• TASK
With the pictures left out, write out exactly the lines of the listing below that run from the line with "2 Bedrooms, Wifi, Airco" through the line with "Mattoon Relax Inn".

[[ DATASET EXCERPTS open ]]

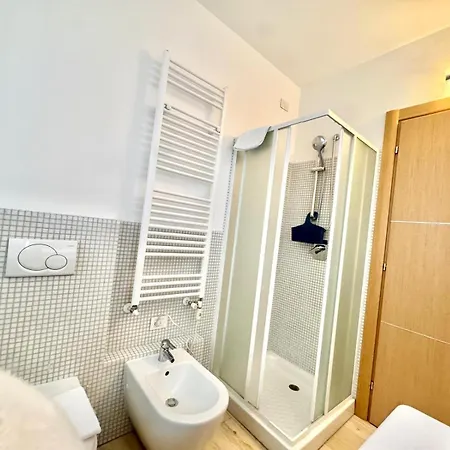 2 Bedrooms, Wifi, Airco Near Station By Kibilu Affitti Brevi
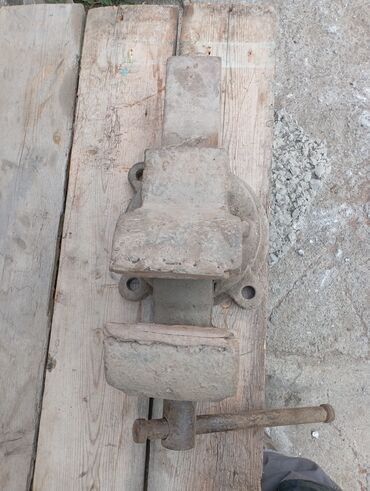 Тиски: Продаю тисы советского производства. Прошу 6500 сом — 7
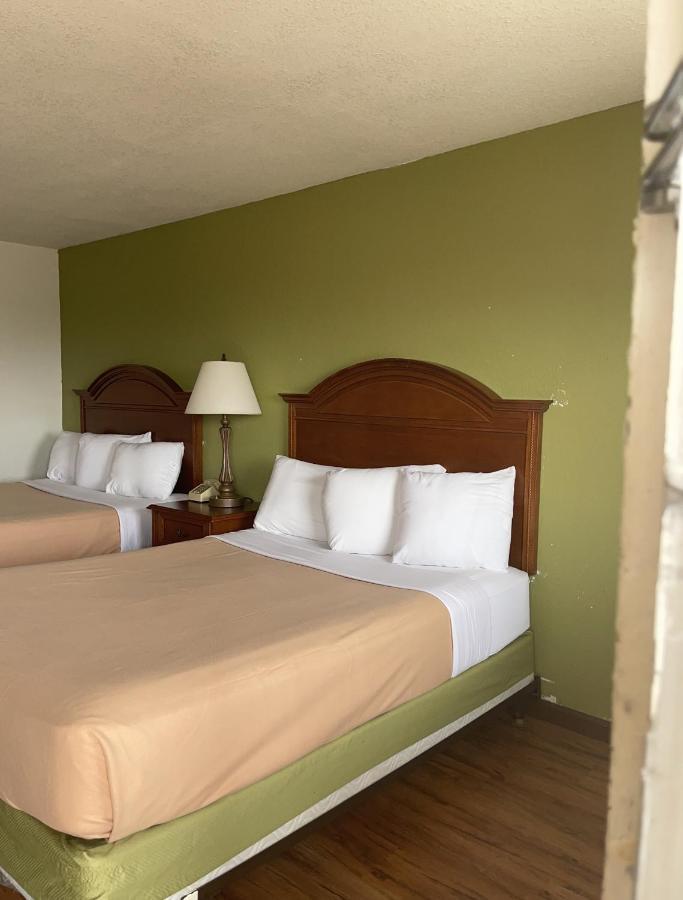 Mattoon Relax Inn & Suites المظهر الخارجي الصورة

[[ DATASET EXCERPTS closed ]]
[[ DATASET EXCERPTS open ]]

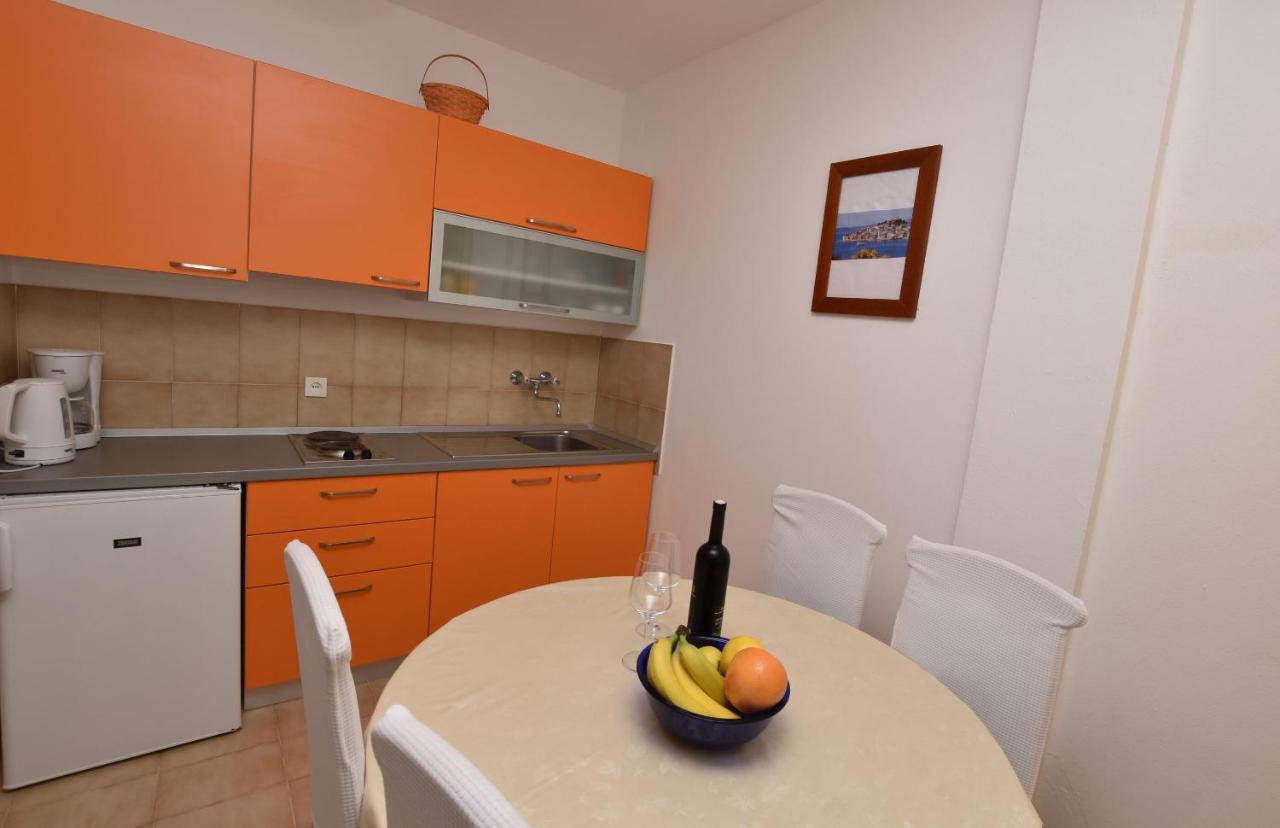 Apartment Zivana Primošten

[[ DATASET EXCERPTS closed ]]

• SOLVED EXERCISE
 2 Bedrooms, Wifi, Airco Near Station By Kibilu Affitti Brevi
 Тиски: Продаю тисы советского производства. Прошу 6500 сом — 7
 Mattoon Relax Inn & Suites المظهر الخارجي الصورة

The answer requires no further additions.